At first she thought it might have been a shadow that answered—and not one of those jagged, prim, and daunting shadows, either—it was more like a gloom. If ever a company were to manufacture shades, this would have been the waste fished out after a particularly heinous malfunction, jammed in the conveyor belt, frayed and ephemeral…

Defunct.

But no. This was a woman, mostly. She had hair that might have been more disheveled save for the grease slicking it, and her face was a sallow plain pitted by the dark rings haunting her languor-lidded eyes, but she was a woman. You could tell, in the end, because the coats of black she was wearing didn't quite prevail to hide her hips.

The woman-or-so-Georgie-supposed didn't say anything. Just studied the intern dimly from where she slouched as though said intern was a particularly uninteresting cloud billowing across her horizons.

"Erm—does Specialist Rona Ullien live here?" Georgie hazarded, willing the subatomic forces that be not to kill Schrodinger's cat, that this wasn’t her quarry.

"I’m Coronach Ullien," the woman spoke with a brogue as distant and desultory as her appearance.

Georgie cursed God's dice.

The woman leaned against the frame of the door, toying with the anachrostic cigarette in her fingers, and frowning at it. “Faruq’s operating at an unusually ambitious pace, t’day. Then, s’little surprise considering as we’ve our first case in eons…”

Georgie blanked. There was a searing, hyperfocus-glint in Coronach’s pupils, so disused it appeared foreign to the Investigator. As though she had powered on for the first time in years.

“Ah, so y’don know. Then this must be a mistake on his part…”

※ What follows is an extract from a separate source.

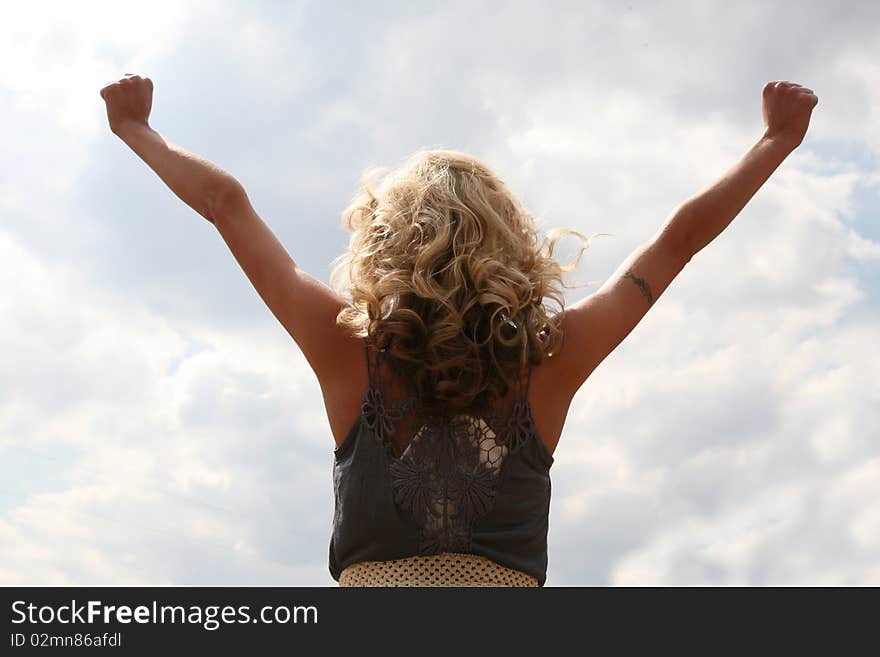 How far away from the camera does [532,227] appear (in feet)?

“He asked me to request that you appear at work today…”

“Early this morn’.”

“Ah—yes.”

“Mmm…” The woman paused, and if Georgie weren’t so tall might have gazed out over her head. “Y’look to be suff’ring, ling’ring there in the hall. Do try t’make y’self comfortable.” Coronach turned smartly on her heel and retreated into her apartment, leaving Georgie to gawk a moment at the door swinging ajar. Gawk, and puzzle at whether the words, too, were an invitation or a contradiction.

In the end, she had little choice but to venture in. The apartment met her dismal expectations. The floor was matted, full of dints and dents and divots, and the accommodations went beyond ascetic. One low, short couch littered with papers (and Georgie near-shuttered at what a waste this second anachronism was when there were fiber films to act as surrogates for hundreds of thousands of documents a piece) constituted the only furniture, save a full ashtray.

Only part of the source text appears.